Embora a sinopse sugira que este romance conta a história do aviador Larry Darrell, por quem um companheiro de aviação dá a vida na I Guerra Mundial, o romance é muito mais do que isso. Maugham conseguiu transportar-me para o período entre guerras sem cair em politiquices nem ao detalhes aborrecidos de estratégia militar. De facto, não dissesse ele, a poucas páginas do fim, que “rebentou a guerra”, e nem nos apercebíamos que o maior conflito armado de sempre, com 70 milhões de baixas, se insinuava nas entrelinhas das receções parisienses das personagens que acompanhamos há duas décadas.

A ação tem início em 1919 na sociedade de Chicago, e ao longo destas páginas o próprio Maugham é uma personagem algo secundária, que transita de núcleo em núcleo e que vai tendo notícias das pessoas a quem nos apresenta. Começamos por conhecer Elliott, um americano que circula nas esferas mais altas da sociedade Europeia, e que insiste que a única cidade civilizada para um homem superior viver é Paris.

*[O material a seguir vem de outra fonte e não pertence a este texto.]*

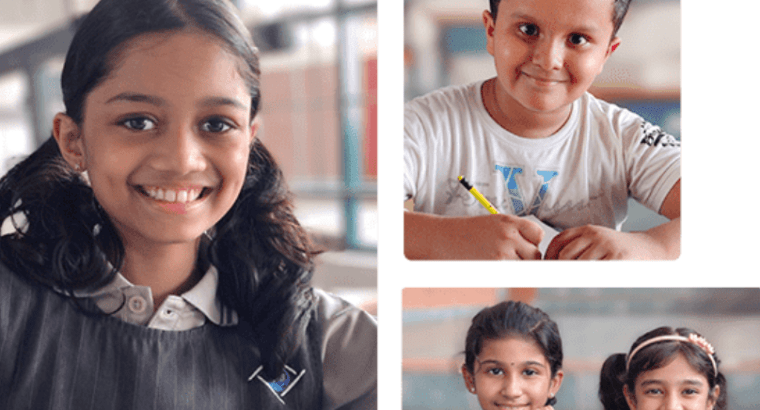 Kindergarten schools in Kochi & kerala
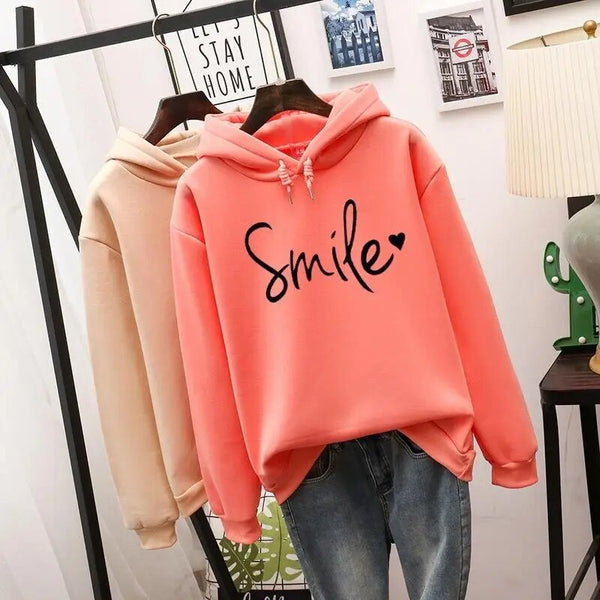 Jessika | Stylish printed hoodie 2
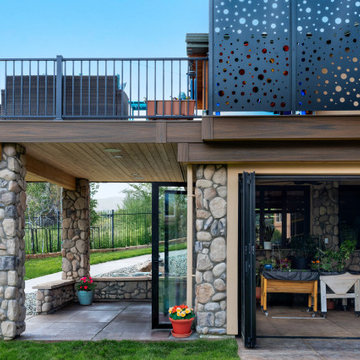 Lakewook, Colorado Enclosed Patio and Deck Addition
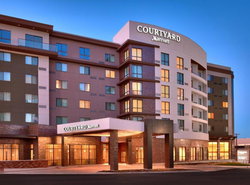 Courtyard by Marriott Salt Lake City Downtown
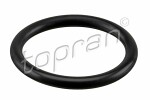 TOPRAN  Уплотнительное кольцо,  трубка охлаждающей жидкости 114 297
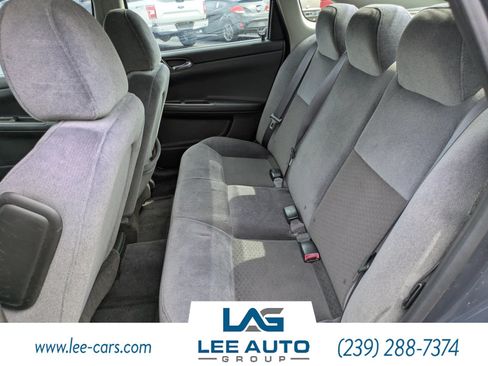Used 2009 Chevrolet Impala LT FWD image 10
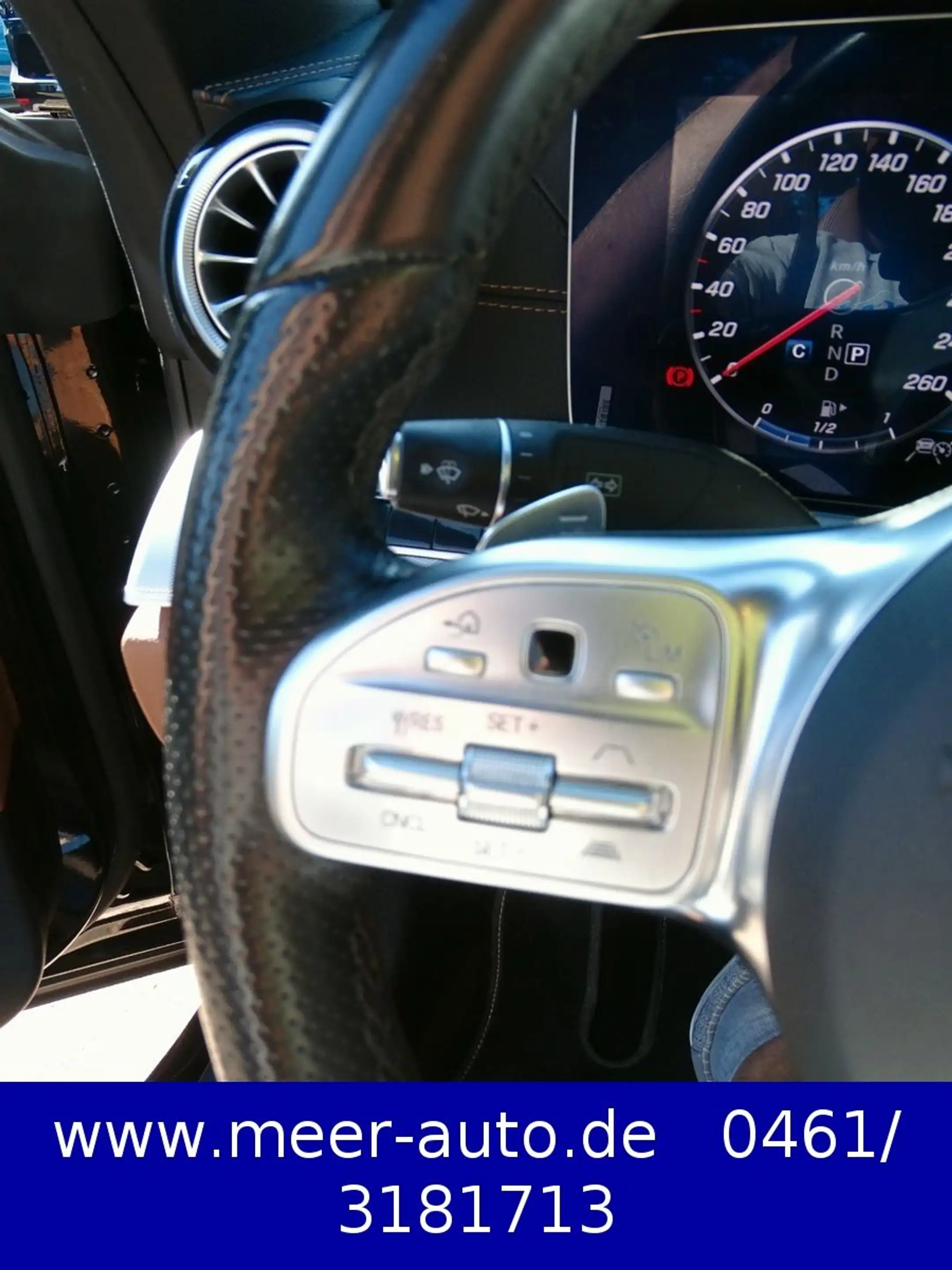 Mercedes-Benz E 450 Cabrio 4Matic/AMG Line/Aircap/Widescreen — photo 11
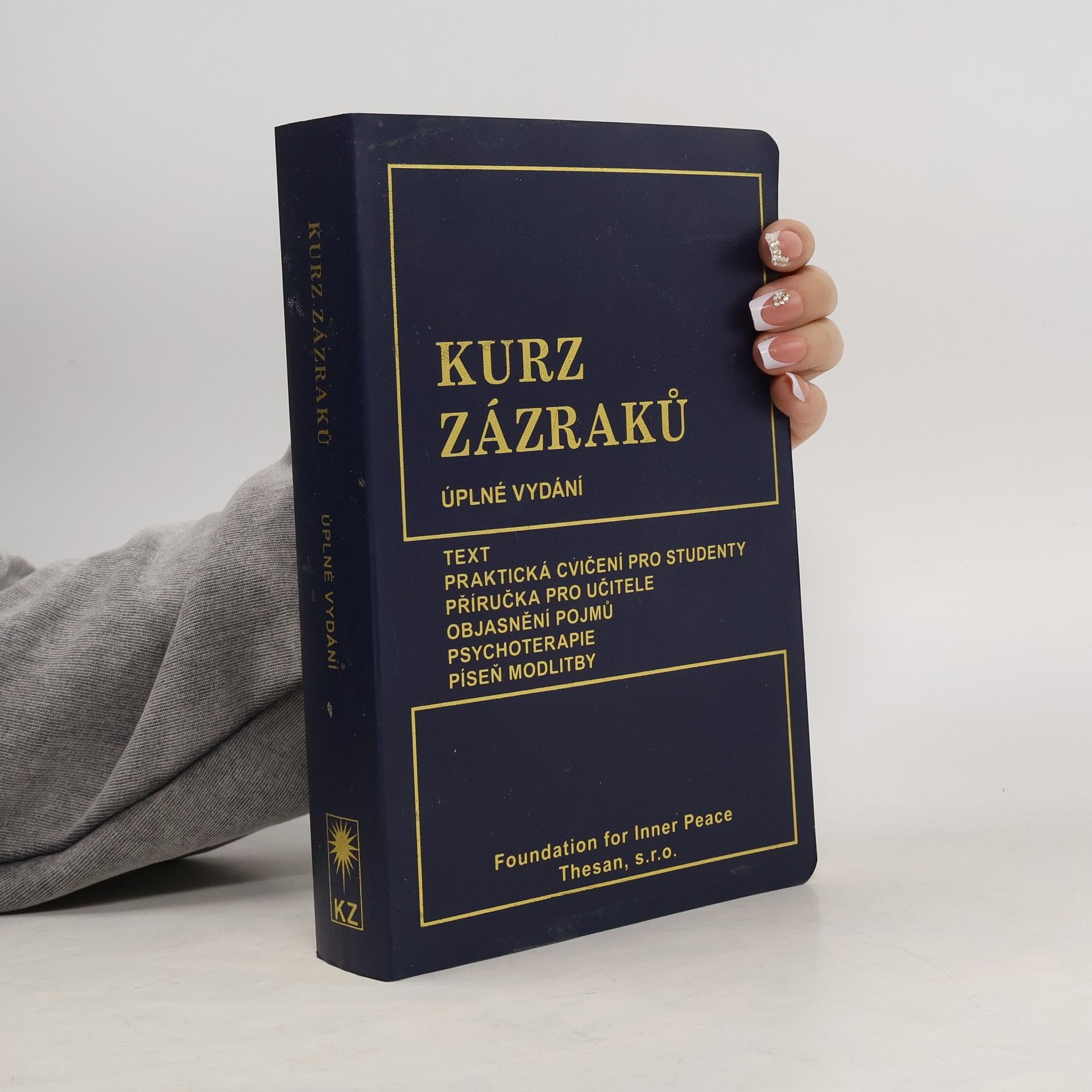 Prema Nesbit Kurz zázraků : úplné vydání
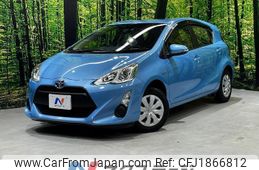 toyota aqua 2016 CFJ1866812
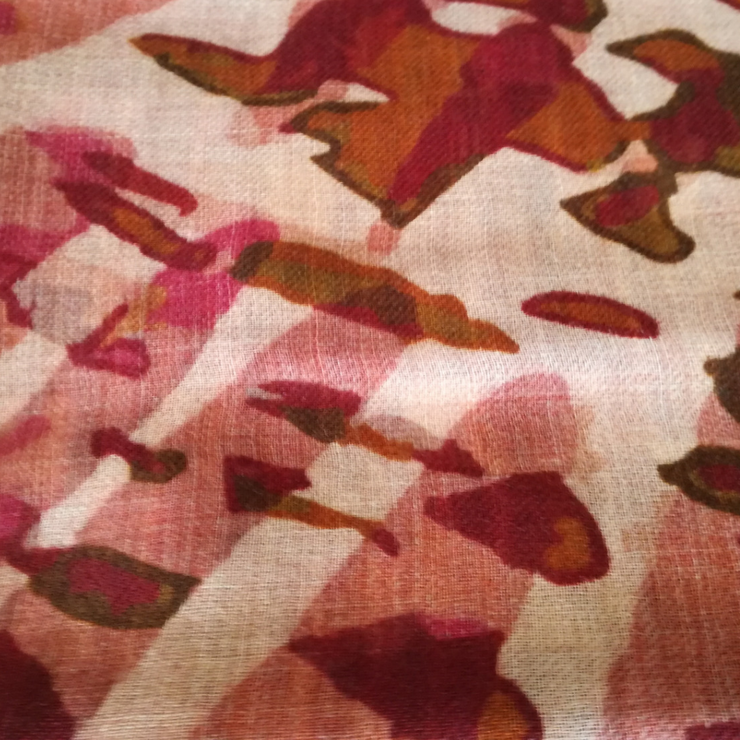 Frida - Wool scarf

A partir daí, temos a ponte criada entre os capitalistas americanos, a bolsa, os corretores e o desejo desenfreado de progresso nos anos prósperos que antecedem o crash, e a realeza em decadência na Europa pós-guerra, que vive de superficialidades e de pedantismo. 

Sendo Larry o fio condutor que intriga o nosso narrador – e que ilustre narrador! – ao longo dessas duas décadas, ficamos a saber que o aviador parece ter perdido parte do juízo quando o seu melhor amigo da Força Aérea deu a vida para o salvar de uma ofensiva alemã, e o Larry de antes, com apenas 18 anos, bem posicionado na sociedade, com uma fortuna modesta e de noivado marcado com Isabel Bradley, uma menina de bem, muda. De repente, Larry deixa de se interessar pelo lado mundano da vida, e coloca-se à parte, como observador circunspeto. Procuram ceder-lhe um lugar entre os bem-posicionados de Chicago, pedem-lhe que se junte à construção de um país que se evidencia mais próspero do que o velho mundo, delapidado pela guerra e pelos velhos costumes de repente fora de moda, mas Larry garante, para desconcerto de quem o rodeia, que tudo o que deseja da vida é fazer “nada”, e que deve valer-se do privilégio de ter um bom rendimento para poder dedicar-se a isso mesmo.

Esta é a premissa principal de um livro que, um pouco à semelhança de Servidão Humana, me parece uma senda pessoal, muito espiritual e até mística a certa altura. O que, pela voz metódica e ultrarracional – por vezes também romântica e melancólica – de Maugham, poderia soar a contrassenso. 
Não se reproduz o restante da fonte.